_WHAT YOU NEED TO DO:_ Set down the data below once more, precisely as it reads.

_SOURCE RECORDS:_
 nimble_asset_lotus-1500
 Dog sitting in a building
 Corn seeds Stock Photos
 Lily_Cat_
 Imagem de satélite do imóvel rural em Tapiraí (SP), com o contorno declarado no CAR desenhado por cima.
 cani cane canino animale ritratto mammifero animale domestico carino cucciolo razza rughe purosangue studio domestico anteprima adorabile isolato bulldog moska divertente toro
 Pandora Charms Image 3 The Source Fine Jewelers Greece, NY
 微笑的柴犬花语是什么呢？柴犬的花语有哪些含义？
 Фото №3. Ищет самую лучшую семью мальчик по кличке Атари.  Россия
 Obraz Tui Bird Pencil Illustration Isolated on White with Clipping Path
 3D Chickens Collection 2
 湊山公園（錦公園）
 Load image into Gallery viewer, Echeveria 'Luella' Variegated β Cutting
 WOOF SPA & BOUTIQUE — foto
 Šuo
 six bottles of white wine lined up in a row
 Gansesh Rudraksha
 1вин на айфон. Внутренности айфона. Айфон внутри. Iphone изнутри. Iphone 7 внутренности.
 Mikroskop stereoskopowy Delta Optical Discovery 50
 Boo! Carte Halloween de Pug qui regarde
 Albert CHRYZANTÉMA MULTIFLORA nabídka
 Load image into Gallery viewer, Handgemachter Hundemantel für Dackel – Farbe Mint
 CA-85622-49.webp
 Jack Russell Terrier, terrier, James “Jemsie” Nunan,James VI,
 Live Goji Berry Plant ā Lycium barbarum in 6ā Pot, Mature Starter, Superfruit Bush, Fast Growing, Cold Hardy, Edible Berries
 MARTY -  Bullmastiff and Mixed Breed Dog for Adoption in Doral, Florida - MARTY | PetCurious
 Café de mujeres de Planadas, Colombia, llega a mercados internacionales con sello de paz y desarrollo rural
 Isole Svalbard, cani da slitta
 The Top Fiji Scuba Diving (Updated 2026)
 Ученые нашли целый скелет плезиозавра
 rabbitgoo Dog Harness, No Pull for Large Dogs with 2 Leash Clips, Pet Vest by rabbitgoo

_ANSWER SPACE:_
 nimble_asset_lotus-1500
 Dog sitting in a building
 Corn seeds Stock Photos
 Lily_Cat_
 Imagem de satélite do imóvel rural em Tapiraí (SP), com o contorno declarado no CAR desenhado por cima.
 cani cane canino animale ritratto mammifero animale domestico carino cucciolo razza rughe purosangue studio domestico anteprima adorabile isolato bulldog moska divertente toro
 Pandora Charms Image 3 The Source Fine Jewelers Greece, NY
 微笑的柴犬花语是什么呢？柴犬的花语有哪些含义？
 Фото №3. Ищет самую лучшую семью мальчик по кличке Атари.  Россия
 Obraz Tui Bird Pencil Illustration Isolated on White with Clipping Path
 3D Chickens Collection 2
 湊山公園（錦公園）
 Load image into Gallery viewer, Echeveria 'Luella' Variegated β Cutting
 WOOF SPA & BOUTIQUE — foto
 Šuo
 six bottles of white wine lined up in a row
 Gansesh Rudraksha
 1вин на айфон. Внутренности айфона. Айфон внутри. Iphone изнутри. Iphone 7 внутренности.
 Mikroskop stereoskopowy Delta Optical Discovery 50
 Boo! Carte Halloween de Pug qui regarde
 Albert CHRYZANTÉMA MULTIFLORA nabídka
 Load image into Gallery viewer, Handgemachter Hundemantel für Dackel – Farbe Mint
 CA-85622-49.webp
 Jack Russell Terrier, terrier, James “Jemsie” Nunan,James VI,
 Live Goji Berry Plant ā Lycium barbarum in 6ā Pot, Mature Starter, Superfruit Bush, Fast Growing, Cold Hardy, Edible Berries
 MARTY -  Bullmastiff and Mixed Breed Dog for Adoption in Doral, Florida - MARTY | PetCurious
 Café de mujeres de Planadas, Colombia, llega a mercados internacionales con sello de paz y desarrollo rural
 Isole Svalbard, cani da slitta
 The Top Fiji Scuba Diving (Updated 2026)
 Ученые нашли целый скелет плезиозавра
 rabbitgoo Dog Harness, No Pull for Large Dogs with 2 Leash Clips, Pet Vest by rabbitgoo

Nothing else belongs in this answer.